▸ **Exercise prompt**
Every line of the listing belongs in your answer exactly as written; the images do not.

━━━ Collected material

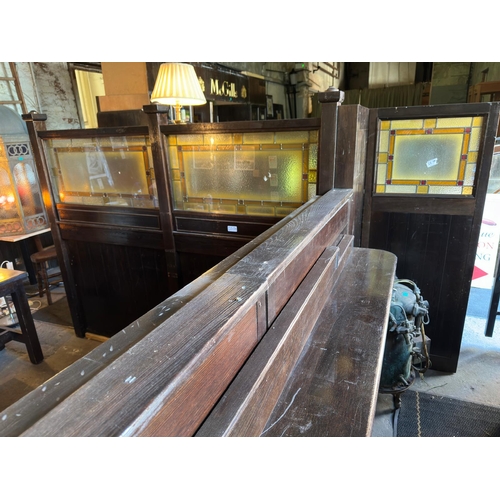 737 - Bar Partition Section with 2 Leaded Glass Panels and a High Table (all well made)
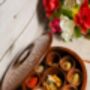 Wooden Handcrafted Round Spice Box With Spoon, thumbnail 2 of 5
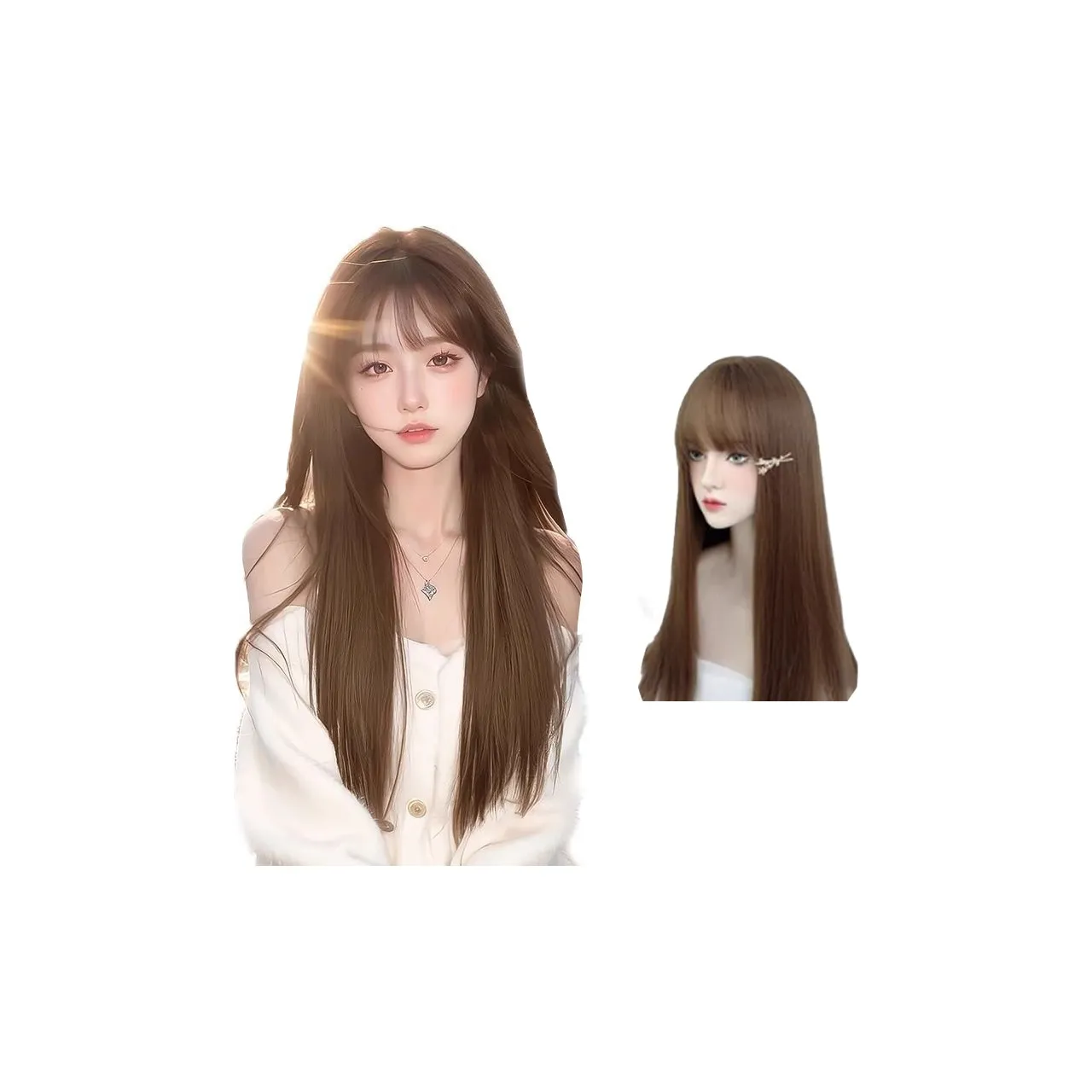 GLUNA Прямые волосы с боковой стороны бахрома полная парик медово-чайный коричневый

━━━━━━

▸ **Completed exercise**
 737 - Bar Partition Section with 2 Leaded Glass Panels and a High Table (all well made)
 Wooden Handcrafted Round Spice Box With Spoon, thumbnail 2 of 5
 GLUNA Прямые волосы с боковой стороны бахрома полная парик медово-чайный коричневый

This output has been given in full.